» Directions for this task
Copy every entry below verbatim, except for images.

(Captioned web images)

┌──

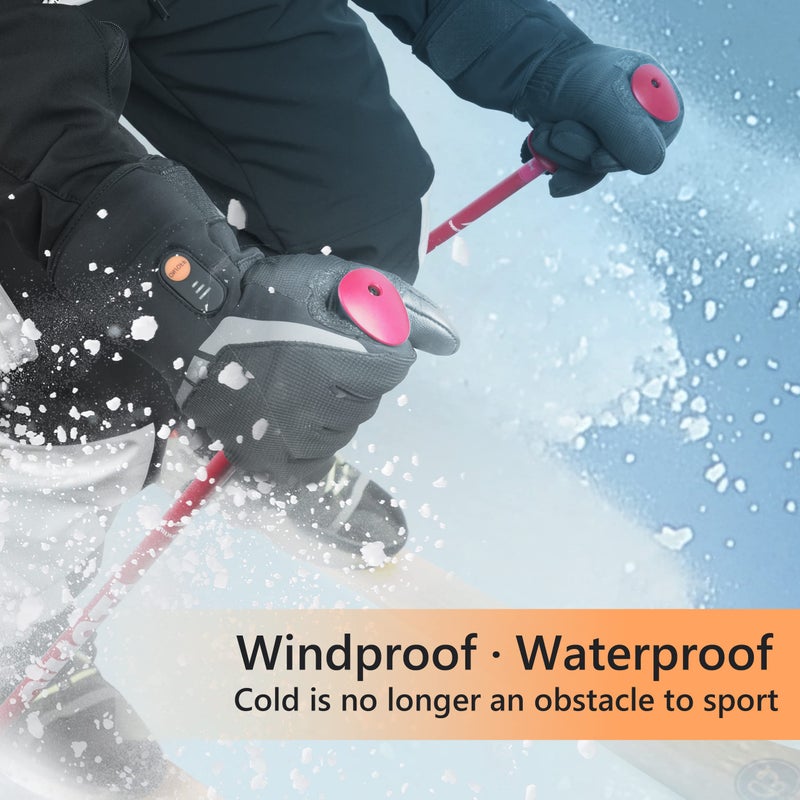Luckcolor Heated Gloves for Men Women, Rechargeable Waterproof Heated Work Gloves with Arthritis Raynaud's Relief for Ski Hiking Driving (Black, Large) - Image 3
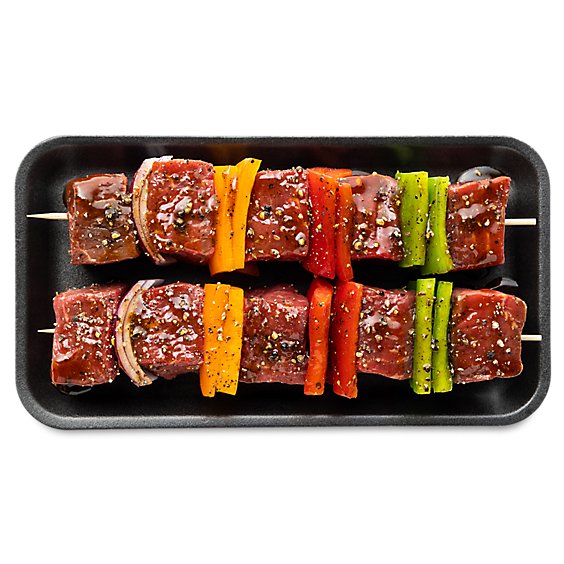 Meat Service Counter Beef Kabobs Black Pepper Marinated 1.5 Ounce Solution - 1.25 LB
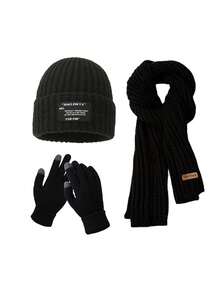 3pcs/Set Slogan Acrylic Beanie Hat, Scarf And Gloves Set, Warm Thick Knit Oversized Headband, Fashion Accessories For Autumn/Winter Winter Gear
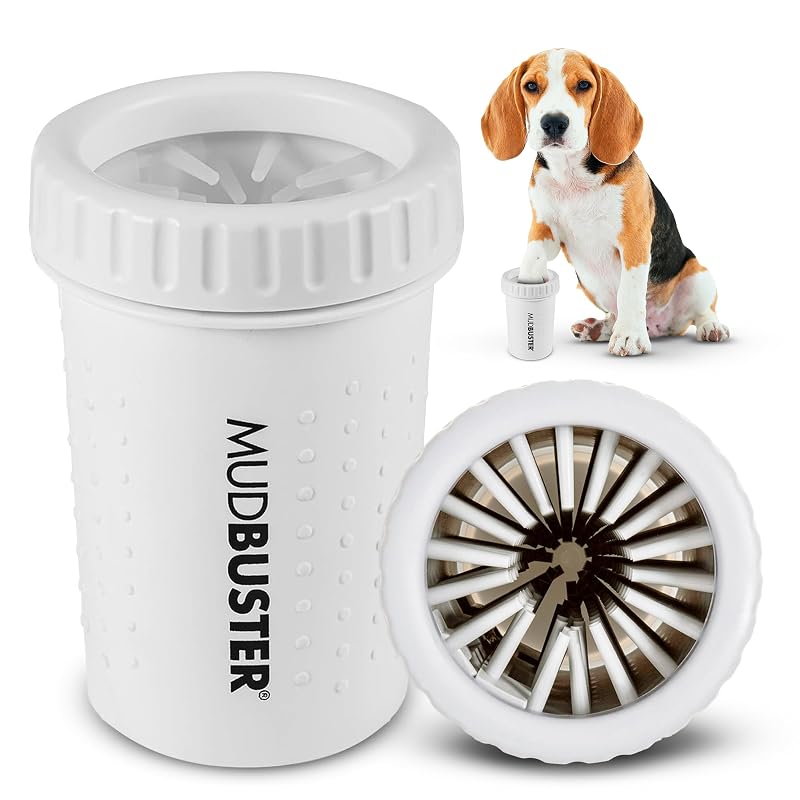 Limpador portátil de patas para cães Dexas MudBuster, tamanho Médio, Bright White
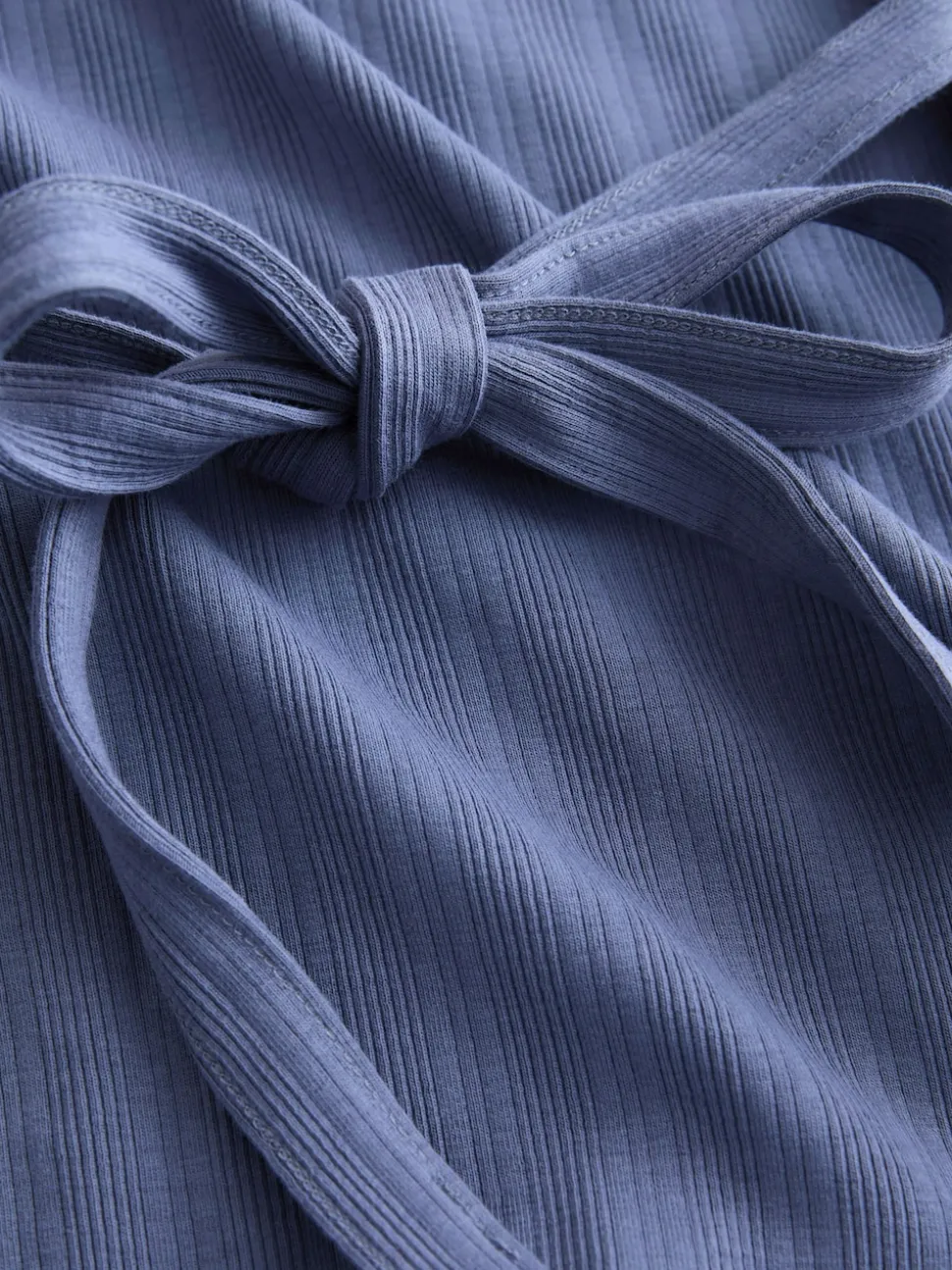 Light Blue Tie Back Ribbed V-Neck Dress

└──

» Answer below
Luckcolor Heated Gloves for Men Women, Rechargeable Waterproof Heated Work Gloves with Arthritis Raynaud's Relief for Ski Hiking Driving (Black, Large) - Image 3
 Meat Service Counter Beef Kabobs Black Pepper Marinated 1.5 Ounce Solution - 1.25 LB
 3pcs/Set Slogan Acrylic Beanie Hat, Scarf And Gloves Set, Warm Thick Knit Oversized Headband, Fashion Accessories For Autumn/Winter Winter Gear
 Limpador portátil de patas para cães Dexas MudBuster, tamanho Médio, Bright White
 Light Blue Tie Back Ribbed V-Neck Dress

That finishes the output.